WHAT TO WORK ON
In the data below, find the line containing "Esmalte para Uñas", then set down that line and every later line up to and including the line containing "Chanel Brown Mademoiselle", exactly.

RECORDS TO USE
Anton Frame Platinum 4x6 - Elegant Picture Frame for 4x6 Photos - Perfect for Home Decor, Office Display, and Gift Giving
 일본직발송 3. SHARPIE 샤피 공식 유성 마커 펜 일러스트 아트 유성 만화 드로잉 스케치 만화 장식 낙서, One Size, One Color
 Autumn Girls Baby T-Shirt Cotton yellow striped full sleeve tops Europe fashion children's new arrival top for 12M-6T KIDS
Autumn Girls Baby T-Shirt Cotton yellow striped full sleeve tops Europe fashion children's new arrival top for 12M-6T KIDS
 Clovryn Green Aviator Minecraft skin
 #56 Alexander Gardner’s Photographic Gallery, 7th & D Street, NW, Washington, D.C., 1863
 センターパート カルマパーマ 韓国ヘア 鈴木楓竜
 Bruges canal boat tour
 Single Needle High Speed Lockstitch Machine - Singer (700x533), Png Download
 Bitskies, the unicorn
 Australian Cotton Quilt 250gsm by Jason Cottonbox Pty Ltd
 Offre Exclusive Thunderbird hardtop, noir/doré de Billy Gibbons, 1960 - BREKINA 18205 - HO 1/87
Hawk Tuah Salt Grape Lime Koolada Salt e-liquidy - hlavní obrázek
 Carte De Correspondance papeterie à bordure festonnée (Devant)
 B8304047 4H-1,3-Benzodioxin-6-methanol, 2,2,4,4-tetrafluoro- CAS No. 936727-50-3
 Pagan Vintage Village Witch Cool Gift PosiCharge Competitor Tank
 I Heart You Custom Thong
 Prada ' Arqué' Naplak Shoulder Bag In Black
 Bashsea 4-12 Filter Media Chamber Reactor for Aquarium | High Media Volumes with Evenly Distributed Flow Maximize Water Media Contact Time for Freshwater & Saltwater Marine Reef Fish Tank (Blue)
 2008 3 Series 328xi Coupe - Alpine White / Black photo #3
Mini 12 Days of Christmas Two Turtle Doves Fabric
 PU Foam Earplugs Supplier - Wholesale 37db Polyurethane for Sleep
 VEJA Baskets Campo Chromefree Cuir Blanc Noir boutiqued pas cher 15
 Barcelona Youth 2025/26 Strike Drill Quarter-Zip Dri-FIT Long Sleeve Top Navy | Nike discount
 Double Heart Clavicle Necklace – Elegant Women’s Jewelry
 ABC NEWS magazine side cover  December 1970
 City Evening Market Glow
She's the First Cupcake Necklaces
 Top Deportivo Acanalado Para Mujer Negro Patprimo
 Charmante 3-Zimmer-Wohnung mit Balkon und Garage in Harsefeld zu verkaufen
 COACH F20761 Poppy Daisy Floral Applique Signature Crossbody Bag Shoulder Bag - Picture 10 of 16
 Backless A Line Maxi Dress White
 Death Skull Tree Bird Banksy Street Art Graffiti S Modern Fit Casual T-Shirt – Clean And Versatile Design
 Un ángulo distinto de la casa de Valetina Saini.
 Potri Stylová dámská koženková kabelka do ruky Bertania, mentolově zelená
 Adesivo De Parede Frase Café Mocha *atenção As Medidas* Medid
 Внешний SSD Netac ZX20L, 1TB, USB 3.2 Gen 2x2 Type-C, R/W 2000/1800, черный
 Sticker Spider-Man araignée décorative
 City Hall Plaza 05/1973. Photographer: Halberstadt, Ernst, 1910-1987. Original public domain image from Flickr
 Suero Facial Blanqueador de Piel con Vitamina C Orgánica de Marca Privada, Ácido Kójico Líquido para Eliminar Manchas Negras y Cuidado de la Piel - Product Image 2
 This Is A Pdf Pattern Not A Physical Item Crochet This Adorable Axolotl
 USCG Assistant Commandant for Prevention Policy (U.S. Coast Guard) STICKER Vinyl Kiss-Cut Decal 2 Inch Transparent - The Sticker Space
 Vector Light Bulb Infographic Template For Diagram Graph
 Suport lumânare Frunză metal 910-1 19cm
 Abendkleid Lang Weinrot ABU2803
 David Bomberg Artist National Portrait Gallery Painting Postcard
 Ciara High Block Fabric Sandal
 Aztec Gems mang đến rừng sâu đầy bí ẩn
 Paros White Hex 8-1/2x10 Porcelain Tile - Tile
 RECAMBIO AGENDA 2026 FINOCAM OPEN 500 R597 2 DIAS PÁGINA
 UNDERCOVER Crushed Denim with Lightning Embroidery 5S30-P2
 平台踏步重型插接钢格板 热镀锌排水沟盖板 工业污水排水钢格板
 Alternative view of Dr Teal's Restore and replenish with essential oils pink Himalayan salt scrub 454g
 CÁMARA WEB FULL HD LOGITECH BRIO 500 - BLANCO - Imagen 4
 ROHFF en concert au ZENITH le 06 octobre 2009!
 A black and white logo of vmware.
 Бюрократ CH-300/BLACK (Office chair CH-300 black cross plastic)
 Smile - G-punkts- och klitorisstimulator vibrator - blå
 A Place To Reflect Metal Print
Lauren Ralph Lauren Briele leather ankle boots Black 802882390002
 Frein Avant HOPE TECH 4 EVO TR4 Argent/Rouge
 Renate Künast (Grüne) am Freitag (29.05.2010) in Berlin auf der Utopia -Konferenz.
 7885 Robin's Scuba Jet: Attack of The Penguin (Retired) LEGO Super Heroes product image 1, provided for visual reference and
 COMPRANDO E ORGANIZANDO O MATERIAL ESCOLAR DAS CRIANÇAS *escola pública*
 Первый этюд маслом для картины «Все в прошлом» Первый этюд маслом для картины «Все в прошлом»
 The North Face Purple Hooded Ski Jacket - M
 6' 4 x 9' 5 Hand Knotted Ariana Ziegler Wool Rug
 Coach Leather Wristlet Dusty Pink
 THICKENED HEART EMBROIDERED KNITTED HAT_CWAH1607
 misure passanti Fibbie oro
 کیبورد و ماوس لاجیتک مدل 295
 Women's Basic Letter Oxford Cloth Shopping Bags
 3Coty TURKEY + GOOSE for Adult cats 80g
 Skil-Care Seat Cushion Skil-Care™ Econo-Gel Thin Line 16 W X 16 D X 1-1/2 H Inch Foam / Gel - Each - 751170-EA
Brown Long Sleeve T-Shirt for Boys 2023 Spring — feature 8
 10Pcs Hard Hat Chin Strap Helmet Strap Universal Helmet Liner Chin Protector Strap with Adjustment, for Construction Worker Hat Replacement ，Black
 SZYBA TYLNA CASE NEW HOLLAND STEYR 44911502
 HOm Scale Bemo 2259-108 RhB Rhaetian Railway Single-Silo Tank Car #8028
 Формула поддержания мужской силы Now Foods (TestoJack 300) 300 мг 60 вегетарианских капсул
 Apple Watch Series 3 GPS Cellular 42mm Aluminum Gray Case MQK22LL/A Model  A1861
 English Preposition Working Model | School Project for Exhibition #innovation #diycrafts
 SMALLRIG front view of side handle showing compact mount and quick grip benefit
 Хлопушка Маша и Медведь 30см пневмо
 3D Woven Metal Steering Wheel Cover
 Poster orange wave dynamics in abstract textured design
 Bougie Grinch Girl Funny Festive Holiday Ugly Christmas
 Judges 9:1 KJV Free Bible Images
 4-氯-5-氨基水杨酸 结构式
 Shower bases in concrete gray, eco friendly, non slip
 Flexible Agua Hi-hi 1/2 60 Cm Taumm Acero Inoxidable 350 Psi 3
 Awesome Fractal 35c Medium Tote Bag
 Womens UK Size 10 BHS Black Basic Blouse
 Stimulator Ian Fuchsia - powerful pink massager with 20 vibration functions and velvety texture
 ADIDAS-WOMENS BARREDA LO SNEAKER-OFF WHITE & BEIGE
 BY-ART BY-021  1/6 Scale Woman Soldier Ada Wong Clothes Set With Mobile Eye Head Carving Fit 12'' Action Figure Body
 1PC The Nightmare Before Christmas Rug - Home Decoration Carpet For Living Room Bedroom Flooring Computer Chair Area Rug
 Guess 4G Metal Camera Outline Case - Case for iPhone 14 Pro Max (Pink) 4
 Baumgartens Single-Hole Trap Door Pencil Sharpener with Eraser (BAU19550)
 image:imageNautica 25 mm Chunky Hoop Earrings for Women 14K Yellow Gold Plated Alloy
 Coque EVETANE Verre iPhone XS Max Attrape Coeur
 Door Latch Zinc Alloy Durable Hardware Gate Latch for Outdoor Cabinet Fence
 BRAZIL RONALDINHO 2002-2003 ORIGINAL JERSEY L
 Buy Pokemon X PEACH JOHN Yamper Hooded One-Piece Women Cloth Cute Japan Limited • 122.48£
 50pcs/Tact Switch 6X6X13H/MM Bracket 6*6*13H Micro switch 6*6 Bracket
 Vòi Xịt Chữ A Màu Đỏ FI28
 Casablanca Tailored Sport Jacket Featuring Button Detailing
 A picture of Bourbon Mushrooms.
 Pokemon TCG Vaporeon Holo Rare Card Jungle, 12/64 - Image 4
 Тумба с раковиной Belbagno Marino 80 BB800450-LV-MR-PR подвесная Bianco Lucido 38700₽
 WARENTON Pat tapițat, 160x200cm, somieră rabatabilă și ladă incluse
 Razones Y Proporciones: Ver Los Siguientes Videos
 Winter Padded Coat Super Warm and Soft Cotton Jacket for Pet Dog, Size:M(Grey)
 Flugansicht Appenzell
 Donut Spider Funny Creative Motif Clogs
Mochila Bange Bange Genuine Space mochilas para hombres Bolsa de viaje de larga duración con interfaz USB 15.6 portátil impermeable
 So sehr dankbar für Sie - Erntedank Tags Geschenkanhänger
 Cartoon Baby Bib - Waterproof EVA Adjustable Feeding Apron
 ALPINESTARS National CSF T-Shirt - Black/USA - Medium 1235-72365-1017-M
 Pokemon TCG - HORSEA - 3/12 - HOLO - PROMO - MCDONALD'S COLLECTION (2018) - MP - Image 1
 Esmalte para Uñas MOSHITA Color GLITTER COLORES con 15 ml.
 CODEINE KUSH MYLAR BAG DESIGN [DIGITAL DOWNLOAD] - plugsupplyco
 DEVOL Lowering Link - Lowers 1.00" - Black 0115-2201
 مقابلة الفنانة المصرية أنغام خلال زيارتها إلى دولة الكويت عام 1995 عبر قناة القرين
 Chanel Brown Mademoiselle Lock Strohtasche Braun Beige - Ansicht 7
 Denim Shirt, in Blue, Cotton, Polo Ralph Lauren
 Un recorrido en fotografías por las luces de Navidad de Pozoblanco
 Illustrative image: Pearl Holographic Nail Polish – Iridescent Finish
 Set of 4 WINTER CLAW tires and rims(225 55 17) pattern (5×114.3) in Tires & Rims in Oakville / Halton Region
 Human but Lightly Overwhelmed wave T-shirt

SOLVED PROBLEM
 Esmalte para Uñas MOSHITA Color GLITTER COLORES con 15 ml.
 CODEINE KUSH MYLAR BAG DESIGN [DIGITAL DOWNLOAD] - plugsupplyco
 DEVOL Lowering Link - Lowers 1.00" - Black 0115-2201
 مقابلة الفنانة المصرية أنغام خلال زيارتها إلى دولة الكويت عام 1995 عبر قناة القرين
 Chanel Brown Mademoiselle Lock Strohtasche Braun Beige - Ansicht 7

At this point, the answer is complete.